CY Leung urged to tackle housing and labour issues in policy address
But Leung hints there will be no cash handouts in his maiden policy speech
Leung Chun-ying will focus on housing, poverty and other livelihood issues when he delivers his maiden policy address, according to DAB leader Tam Yiu-chung, who discussed the issue with the chief executive at a dinner last night.
But anyone expecting a handout is likely to be disappointed.
"Mr Leung does not seem to want to give out cash. But he hinted there would be relief measures to help various sectors," said Tam, of the Democratic Alliance for the Betterment and Progress of Hong Kong.

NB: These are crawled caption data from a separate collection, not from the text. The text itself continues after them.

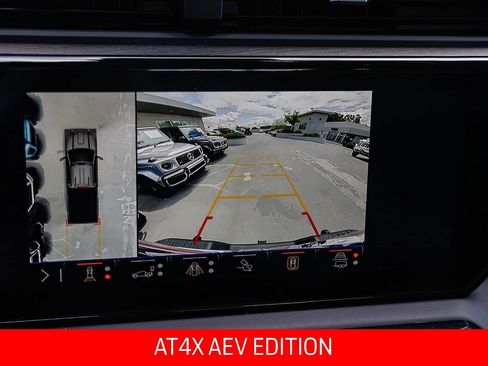 Used 2025 GMC Sierra 2500 AT4X w/ AT4X AEV Edition AWD/4WD image 25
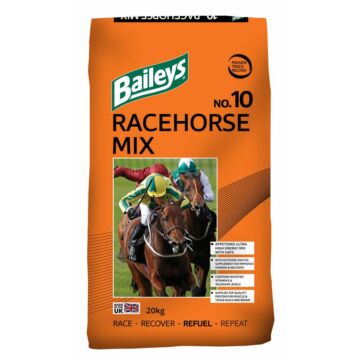 Baileys No. 10 Racehorse Mix
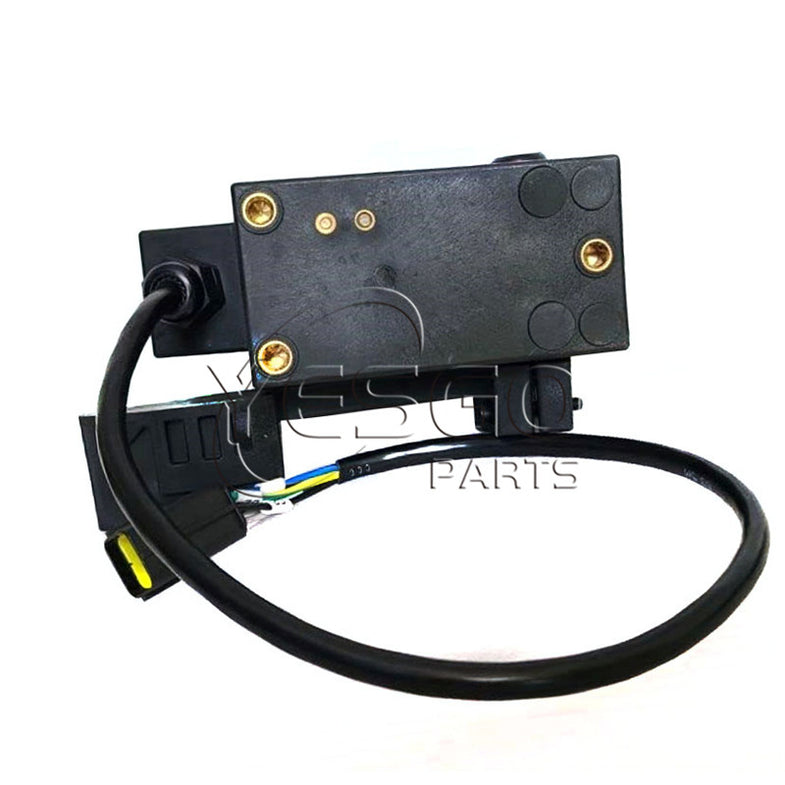 Foot Pedal & Accelerator – Yesgo Parts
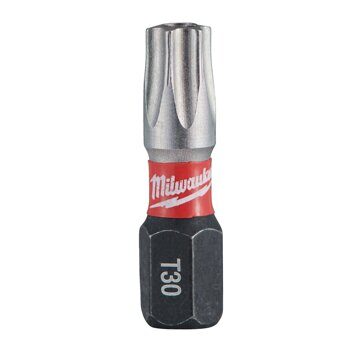 Биты для шуруповерта TX BO30Х25 мм Milwaukee 4932471584 (2 шт)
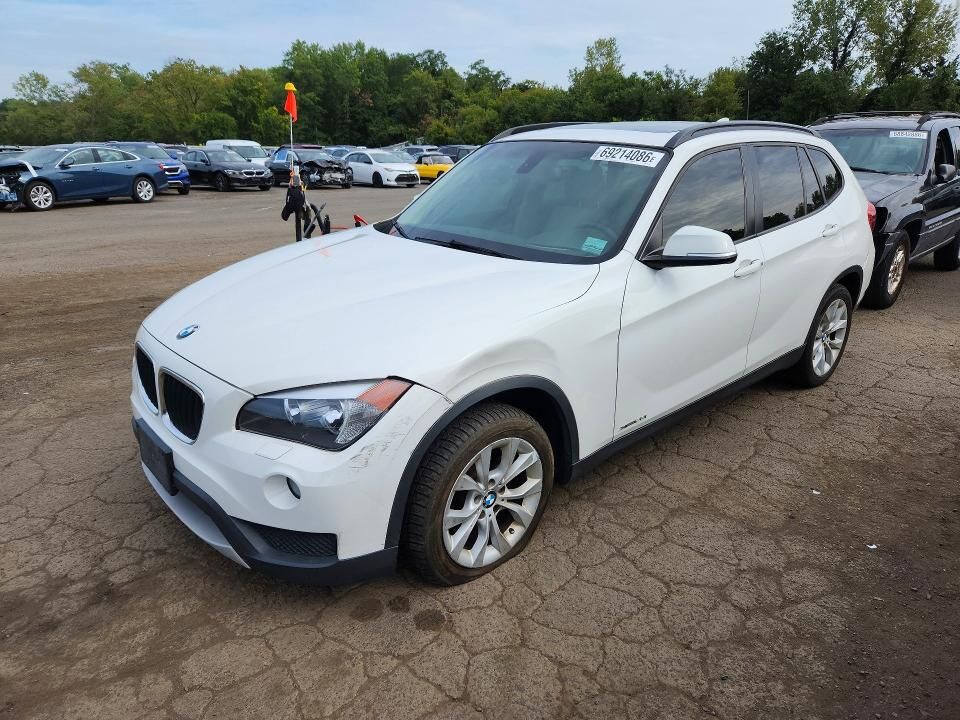 2014 BMW X1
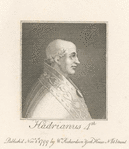 Hadrianus 4th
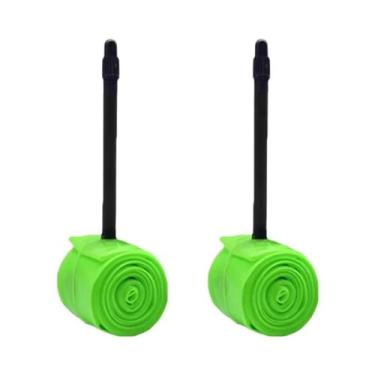 Imagem de Câmara De Ar Interna Para Bicicleta De Estrada 28g TPU 700x23C-32C Pne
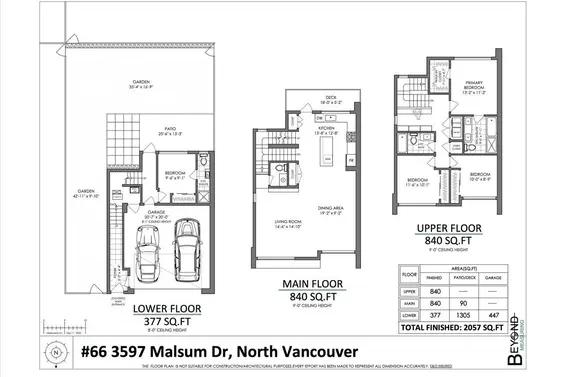 66 3597 Malsum Drive, North Vancouver For Sale - image 38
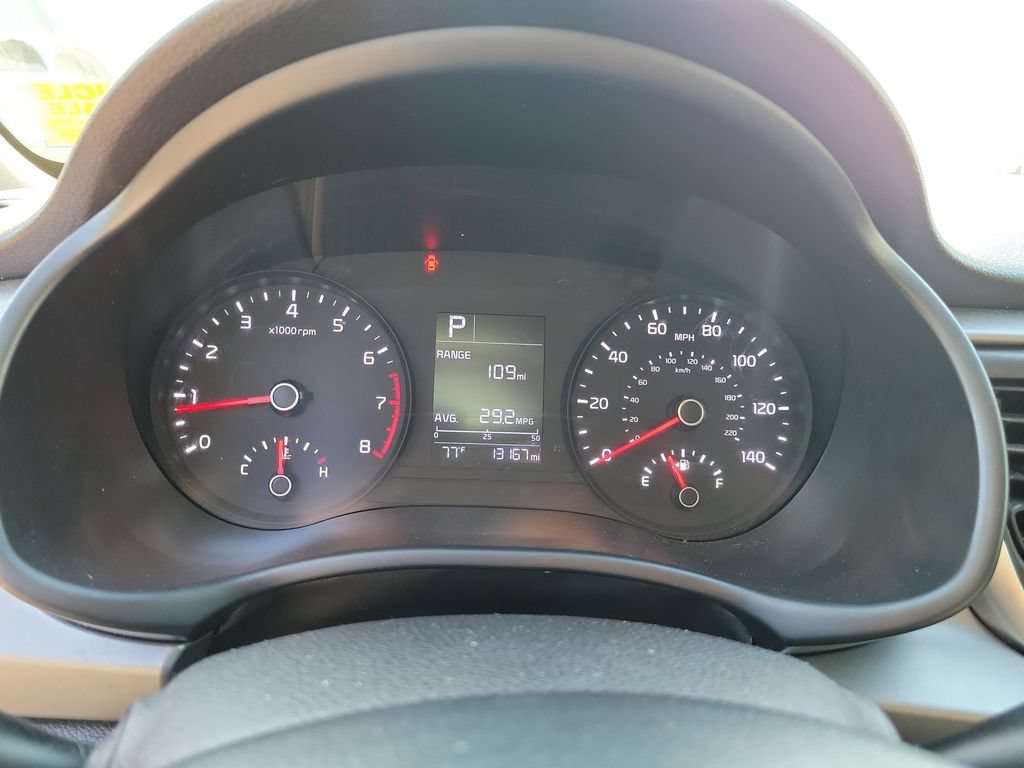 Used 2020 Kia Rio S FWD image 29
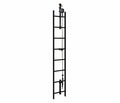 Galvanized Steel Vertical Safety System 60ft S93441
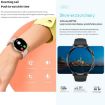 QS40 1.39" BT5.2 Smart Sport Watch - Black - 6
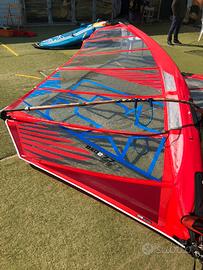 Vela Windsurf CHALLENGER BAD2 7,7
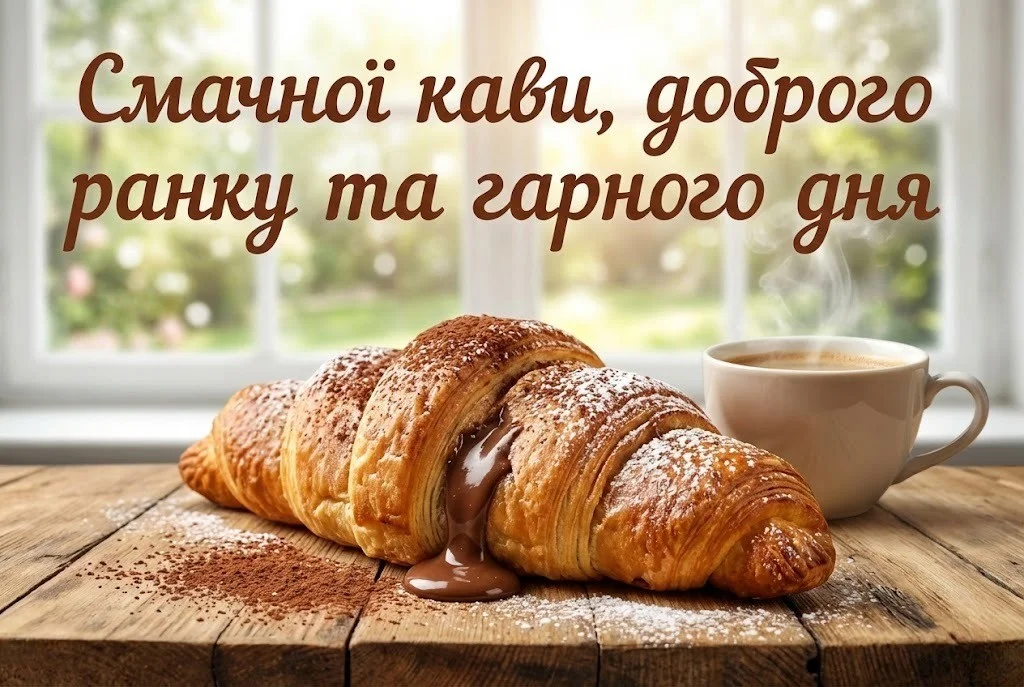 Прикольні картинки з доброго ранку та гарного дня: яскрава добірка для найкращого настрою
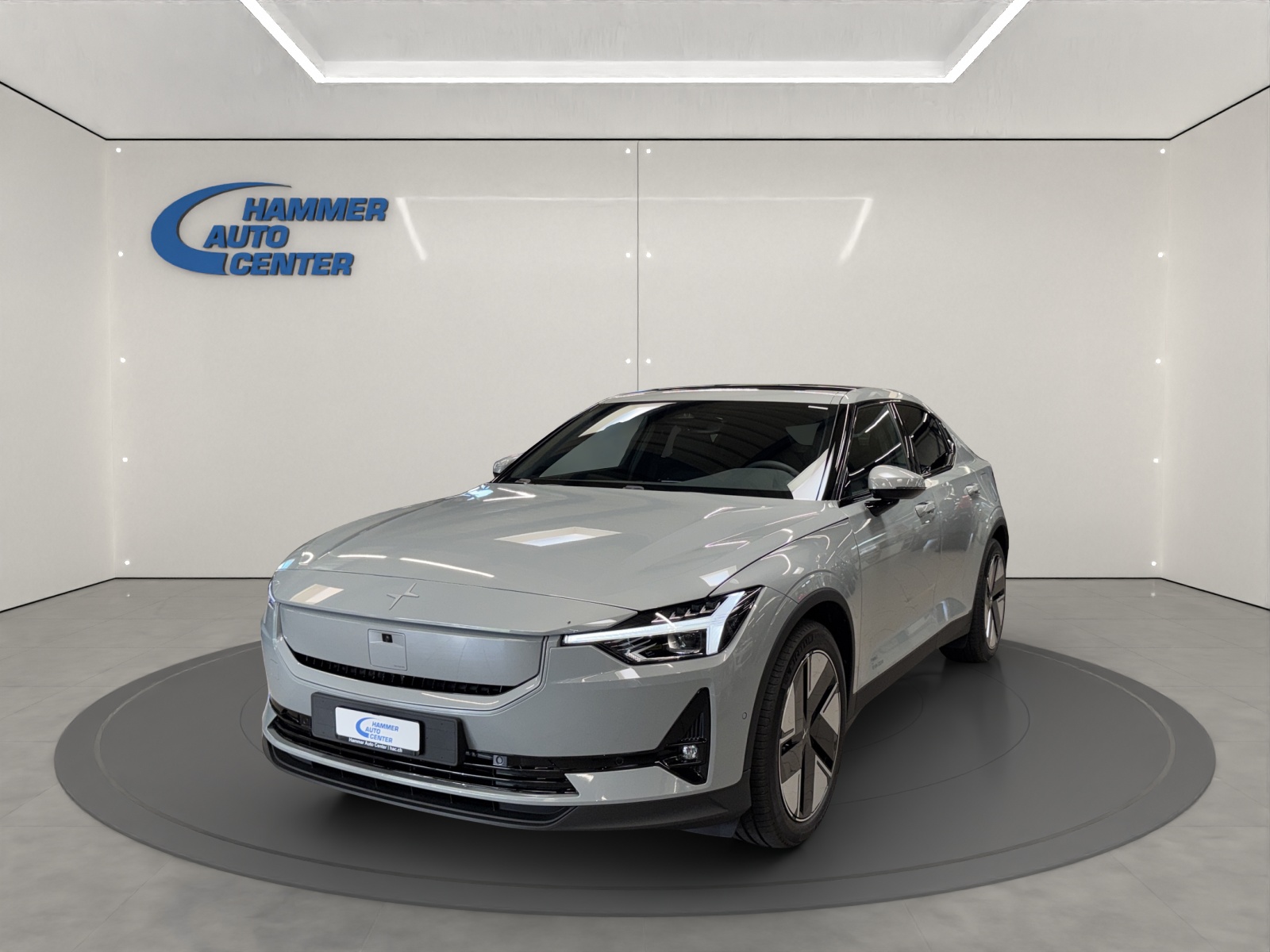 POLESTAR 2 Long Range Single Motor Prime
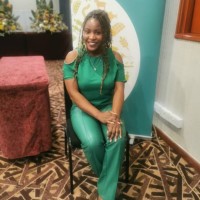 Sharon Simbachako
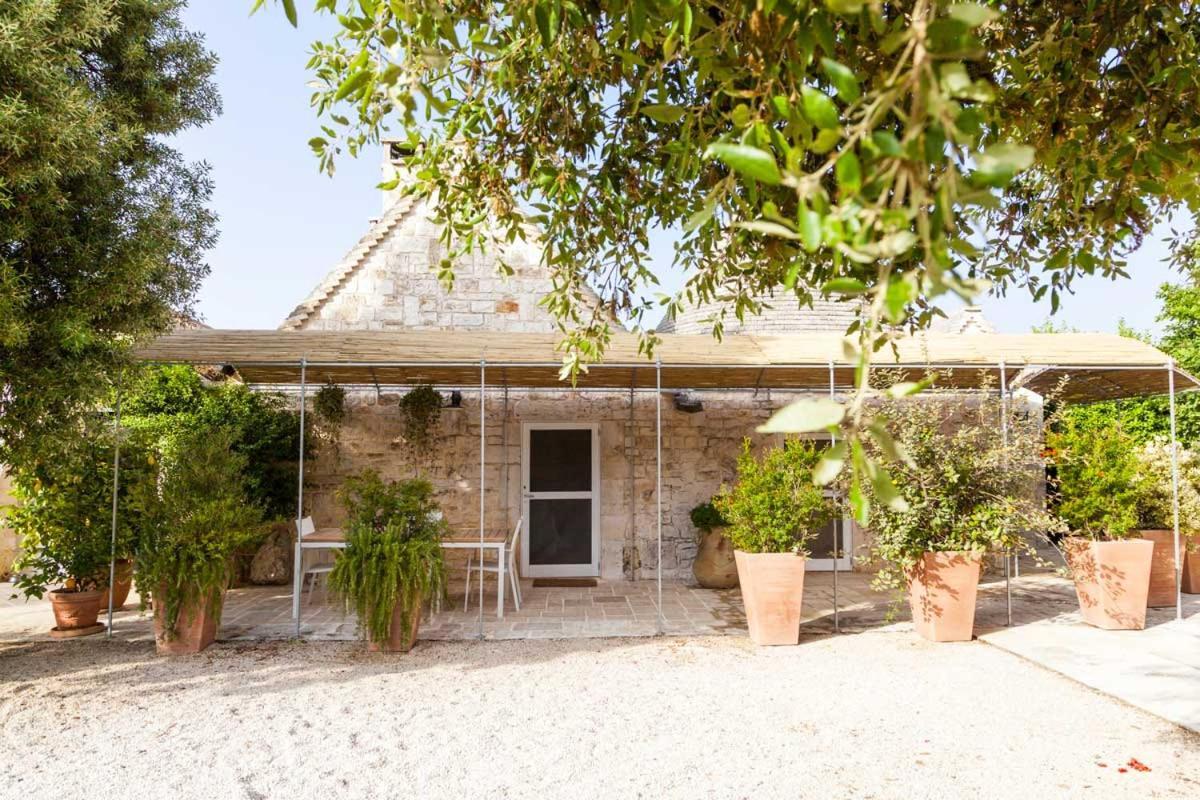 Masseria Lacatena Gorgofreddo Exterior photo
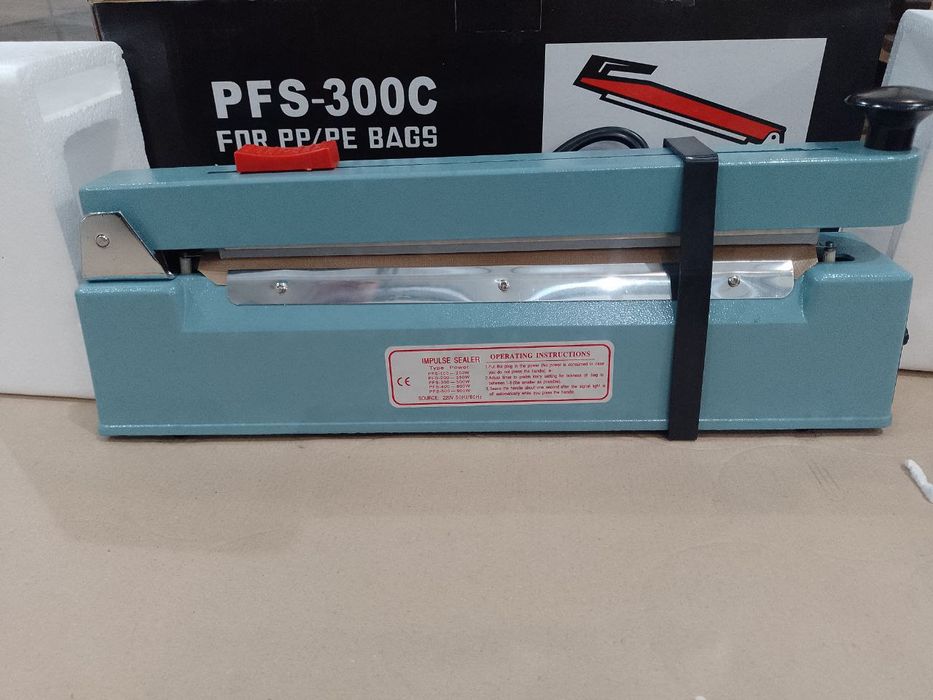 Запайщик пакетов и плёнки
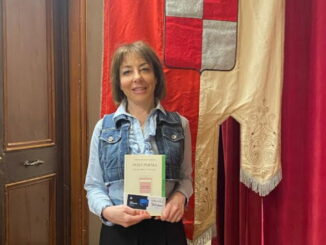 La poetessa e scrittrice Irene Di Liberto candidata al Premio Strega
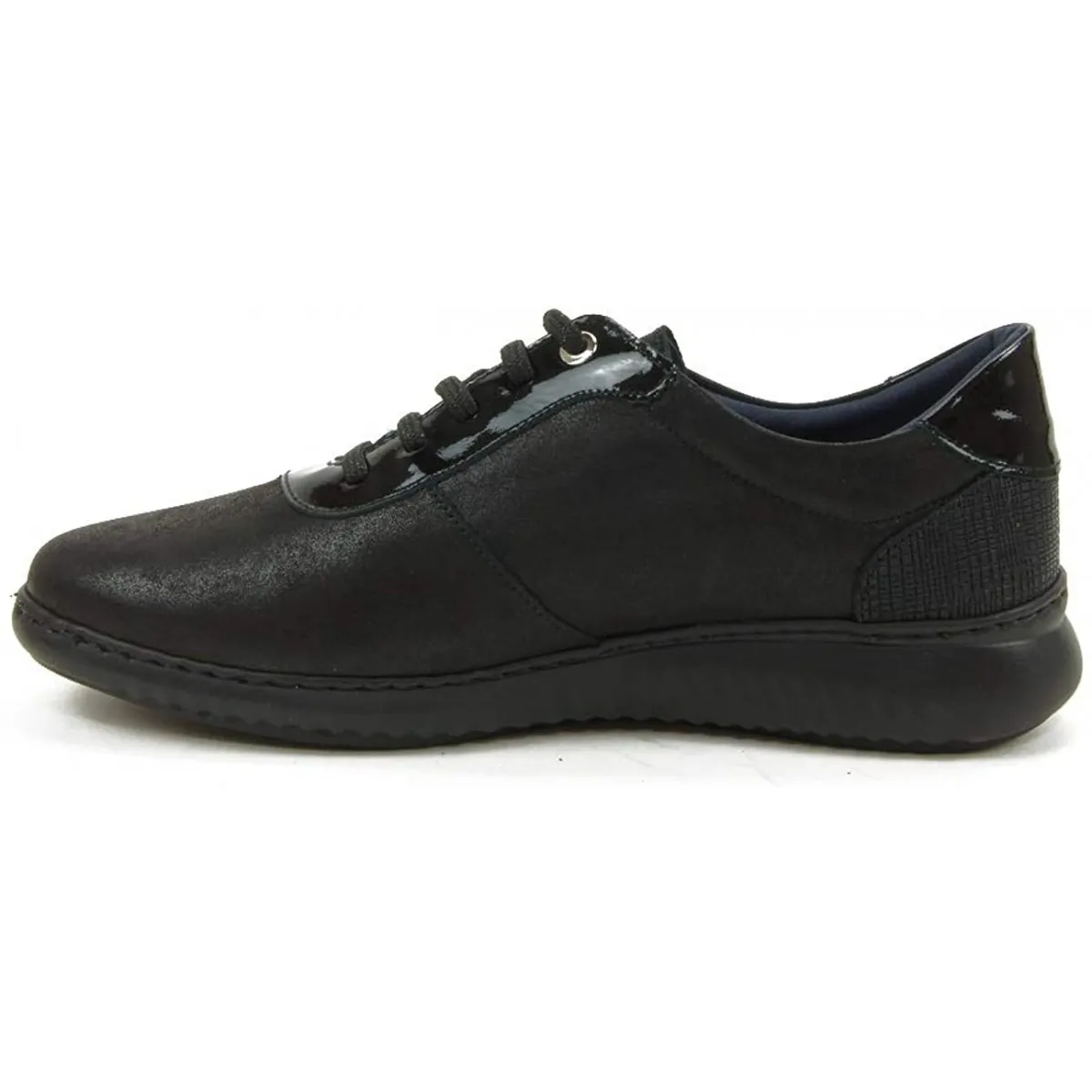Notton zapato rebajas deportivo ligero mujer piel N3106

Michael Tien Puk-sun, vice-chairman of the New People's Party, also said Leung would not give out cash indiscriminately. He said the policy address would be crucial for Leung to boost his popularity.
"Mr Leung should offer solutions to social problems, not only highlight the problems we are facing," said Tien, citing land shortage as an example. "If he can do well [in the policy address], the pro-establishment camp will have better reasons to support him. I think our message to Mr Leung is rather clear - help us to help you."
Leung did not speak to the press after the 90-minuite dinner at the Chinese General Chamber of Commerce club in Central. About 20 pro-establishment lawmakers attended.
The pro-government camp met Leung for their monthly dinner two days after an anti-government march in which tens of thousands of protesters called for him to step down.
However, as pressure mounted on Leung, former chief secretary Anson Chan Fang On-sang broke ranks with pan-democrats over next week's unprecedented motion to impeach him.
Slamming the motion to be tabled on Wednesday as "impractical and unhelpful", Chan asked: "Do you think the central government would accept it?" But she also said Leung had a year to improve his performance.
According to a Chinese University poll, housing and planning is the area people most want Leung to tackle in his address on January 16.
The university's Hong Kong Institute of Asia-Pacific Studies polled 758 people between December 18 and 22. Nearly two-thirds of respondents to the poll, which had a margin of error of plus or minus 3.56 per cent, said they had "some expectation" or "very high expectation" of the policy address. About a third said they had no expectations at all.
The Liberal Party, meanwhile, renewed its call for a limit on how long people can receive welfare.
Honorary chairman James Tien Pei-chun called on Leung to limit the payments to two years, after which continued assistance would require vetting by an independent review committee.